Ils doivent faire face à une accumulation d’obstacles : manque d’information sur les filières et les métiers, manque d’opportunités culturelles, assignation à résidence géographique, fracture digitale, fragilité économique... Sur le plan scolaire, ils sont proches de la moyenne nationale mais ils ne font pas les choix d’orientation qui correspondent à leur niveau, et ne peuvent donc bâtir un avenir à hauteur de leur potentiel. Dans le rapport de la mission que j’ai menée en 2020 à la demande de Jean-Michel Blanquer (ministre de l’Education nationale de 2017 à 2022), « Orientation et égalité des chances dans la France des zones rurales et des petites villes - Restaurer la promesse républicaine », je rappelais que ces jeunes s’orientent plus souvent vers les filières professionnelles et agricoles, mais c’est un choix par défaut pour beaucoup d’entre eux.
Vous-même avez vécu cette situation. Pouvez-vous nous présenter votre parcours ?
J’ai grandi dans un hameau de l’Allier. Mes parents ont déménagé pour nous rapprocher d’un lycée (le plus proche était à une heure de route). J’ai été boursière sur critères sociaux toute ma scolarité et j’ai vécu ces difficultés. En terminale, je souhaitais faire une classe prépa et mon prof de philo a tenté de me dissuader, convaincu que les jeunes ruraux ne pouvaient prétendre à ces voies d’excellence. J’ai persévéré. J’ai intégré l’ENS sur dossier, décroché un master Affaires publiques de Sciences Po Paris avant d’entrer dans un cabinet ministériel où j’ai compris à quel point ces territoires restaient dans l’angle mort. En enseignant dans les prépas Sciences Po, j’ai constaté que ces jeunes réussissaient très bien dans les épreuves écrites mais qu’ils étaient disqualifiés à l’oral : pas d’expérience à l’étranger, moins d’aisance relationnelle… Tout cela a participé à ma volonté de m’engager pour cette cause.
Quelles missions se fixe votre association Chemins d’avenirs ?

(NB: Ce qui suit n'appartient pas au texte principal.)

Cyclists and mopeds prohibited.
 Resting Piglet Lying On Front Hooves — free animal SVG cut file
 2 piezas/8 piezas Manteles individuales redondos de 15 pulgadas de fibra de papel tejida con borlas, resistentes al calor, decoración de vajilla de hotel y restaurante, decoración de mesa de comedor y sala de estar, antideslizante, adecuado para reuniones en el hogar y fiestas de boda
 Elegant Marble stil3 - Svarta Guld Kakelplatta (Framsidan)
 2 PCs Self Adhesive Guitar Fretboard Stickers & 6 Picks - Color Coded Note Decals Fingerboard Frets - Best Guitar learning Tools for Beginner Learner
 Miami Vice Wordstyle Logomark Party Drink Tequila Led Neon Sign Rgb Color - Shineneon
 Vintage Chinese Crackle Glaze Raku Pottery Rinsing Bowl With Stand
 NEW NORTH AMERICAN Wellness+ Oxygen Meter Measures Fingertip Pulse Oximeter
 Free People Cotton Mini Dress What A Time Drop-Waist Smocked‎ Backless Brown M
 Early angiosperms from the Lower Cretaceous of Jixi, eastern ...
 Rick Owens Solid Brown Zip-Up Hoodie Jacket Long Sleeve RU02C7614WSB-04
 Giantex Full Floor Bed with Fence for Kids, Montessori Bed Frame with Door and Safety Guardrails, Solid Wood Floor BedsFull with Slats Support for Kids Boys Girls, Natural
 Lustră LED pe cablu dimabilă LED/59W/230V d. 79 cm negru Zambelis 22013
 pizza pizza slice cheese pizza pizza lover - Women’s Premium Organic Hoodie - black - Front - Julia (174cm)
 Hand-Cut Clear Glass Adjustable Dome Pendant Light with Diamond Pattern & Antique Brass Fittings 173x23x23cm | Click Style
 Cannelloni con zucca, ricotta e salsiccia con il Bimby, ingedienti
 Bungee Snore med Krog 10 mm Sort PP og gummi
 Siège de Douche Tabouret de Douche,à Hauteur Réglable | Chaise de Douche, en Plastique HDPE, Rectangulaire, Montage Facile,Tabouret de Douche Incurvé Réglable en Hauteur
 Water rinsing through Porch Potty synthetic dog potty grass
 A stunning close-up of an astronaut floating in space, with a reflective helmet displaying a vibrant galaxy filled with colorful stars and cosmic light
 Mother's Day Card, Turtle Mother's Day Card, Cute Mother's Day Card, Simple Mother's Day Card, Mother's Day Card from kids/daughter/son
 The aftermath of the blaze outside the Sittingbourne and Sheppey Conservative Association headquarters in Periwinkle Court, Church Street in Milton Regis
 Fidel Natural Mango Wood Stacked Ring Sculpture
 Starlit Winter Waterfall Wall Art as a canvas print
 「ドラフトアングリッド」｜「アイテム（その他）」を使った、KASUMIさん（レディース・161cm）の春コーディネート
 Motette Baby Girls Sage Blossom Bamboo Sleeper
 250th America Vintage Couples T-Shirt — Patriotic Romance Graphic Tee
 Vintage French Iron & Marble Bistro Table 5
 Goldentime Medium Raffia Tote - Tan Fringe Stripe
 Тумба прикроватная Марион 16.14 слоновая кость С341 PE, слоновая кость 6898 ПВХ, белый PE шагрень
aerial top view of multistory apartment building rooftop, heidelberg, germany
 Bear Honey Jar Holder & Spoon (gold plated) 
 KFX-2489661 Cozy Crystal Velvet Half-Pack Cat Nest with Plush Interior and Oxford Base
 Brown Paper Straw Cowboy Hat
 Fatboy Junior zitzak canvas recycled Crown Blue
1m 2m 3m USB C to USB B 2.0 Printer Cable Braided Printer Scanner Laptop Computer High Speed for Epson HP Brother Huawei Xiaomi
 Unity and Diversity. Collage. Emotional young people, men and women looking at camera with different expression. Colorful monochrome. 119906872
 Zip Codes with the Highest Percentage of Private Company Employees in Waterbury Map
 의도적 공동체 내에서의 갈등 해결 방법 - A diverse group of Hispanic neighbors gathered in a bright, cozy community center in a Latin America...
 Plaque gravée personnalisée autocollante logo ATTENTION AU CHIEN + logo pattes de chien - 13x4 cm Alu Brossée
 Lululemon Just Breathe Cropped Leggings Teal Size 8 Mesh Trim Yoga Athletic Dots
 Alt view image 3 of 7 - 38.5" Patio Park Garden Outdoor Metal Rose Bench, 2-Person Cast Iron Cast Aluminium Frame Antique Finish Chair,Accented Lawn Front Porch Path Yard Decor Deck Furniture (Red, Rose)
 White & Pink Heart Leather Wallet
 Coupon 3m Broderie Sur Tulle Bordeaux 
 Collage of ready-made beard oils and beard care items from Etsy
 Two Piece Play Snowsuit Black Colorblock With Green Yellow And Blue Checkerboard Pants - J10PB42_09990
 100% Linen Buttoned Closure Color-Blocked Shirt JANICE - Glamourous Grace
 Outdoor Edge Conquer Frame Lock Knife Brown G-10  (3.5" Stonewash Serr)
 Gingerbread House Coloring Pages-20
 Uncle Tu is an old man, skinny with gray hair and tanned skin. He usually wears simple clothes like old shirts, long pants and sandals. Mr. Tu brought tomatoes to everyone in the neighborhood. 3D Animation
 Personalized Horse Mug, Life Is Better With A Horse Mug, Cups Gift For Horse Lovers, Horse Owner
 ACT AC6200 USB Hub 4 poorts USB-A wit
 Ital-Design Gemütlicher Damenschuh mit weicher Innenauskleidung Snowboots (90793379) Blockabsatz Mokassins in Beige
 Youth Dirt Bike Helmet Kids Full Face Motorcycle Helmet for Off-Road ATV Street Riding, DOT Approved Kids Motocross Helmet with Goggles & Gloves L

Lutter contre les fractures territoriales en pariant sur les jeunes des zones rurales et des petites villes. Pour cela, nous travaillons sur deux axes. Le premier est de créer un impact direct avec un accompagnement individuel des élèves, au collège, au lycée et dans le supérieur, pour leur permettre de bâtir un parcours à la hauteur de leurs désirs. Et nous soutenons tout autant les jeunes qui souhaitent reprendre la ferme de leurs parents que ceux qui veulent devenir ingénieur ou avocat ! Le second, au moins aussi important, est de changer le regard de la société française sur la diversité territoriale ; faire évoluer les mentalités - des entreprises, des pouvoirs publics, des médias... L’enjeu est de renforcer la prise de conscience de cette inégalité et d’inciter au développement de dispositifs pour adresser cette question.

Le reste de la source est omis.